The Bishop encouraged parishioners to recognize that churches have lives of their own, “good lives, appropriate lives in which they witness to the love of God for a season and then they retire, and the church moves to a different location who has need of the Gospel of love.”
Built in 1870, and remodelled in 1912, All Saints served the people of Hagersville for more than 150 years. Over that time, the parish was constantly engaged in the neighbourhood, with members fondly remembering dances, community dinners, bazaars, and lively worship.
A recent decline in attendance and financial resources led the people of All Saints to pass a motion at its annual vestry meeting recommending that the Bishop disestablish the parish.
Reflecting on the journey towards disestablishment, the parish’s rector, Archdeacon Valerie Kerr, noted that, “even in the midst of the fact that we knew the parish was closing, there was still joy to be found. We found that joy together.”
“We didn’t just talk about closing,” Archdeacon Kerr said. “We talked about all of the things that the parish had been. All of the differences they had made, and all of the differences they were still making.”
Members of synod council passed a motion after the decision to disestablish the parish was shared with them.
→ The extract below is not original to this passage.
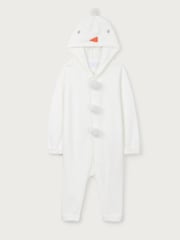 The White Company 100% Organic Cotton Snowman Knitted White Romper - Image 5 of 6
The motion affirmed the faithful witness of the community, acknowledge the deep bonds of giving and fellowship that have marked their ministry, and celebrate the parish’s commitment to God’s mission.
Marked by that ongoing sense of hope, All Saints managed to find joy even in the midst of pain.
When some 30,000 bees were recently found to have inhabited the church, parish members used the opportunity to have some fun, and care for their neighbours. Experts were brought in to remove the bees, and 15 jars of honey were extracted from the church. Calling it ‘Holy Honey,’ Archdeacon Kerr encouraged the honey to be sold with the proceeds going towards the Hagersville Food Basket and the Six Nations Food Bank.
Archdeacon Kerr felt that it was important for everyone to have something tangible to take away from the service, so she prepared packets of tulip bulbs to be planted as a sign of continuing hope. She included a card, which noted that while sunflowers turn to follow the sun, they turn towards each other to reflect light when the sunlight grows dim.
Going forward, she said, “we will draw energy from each other.”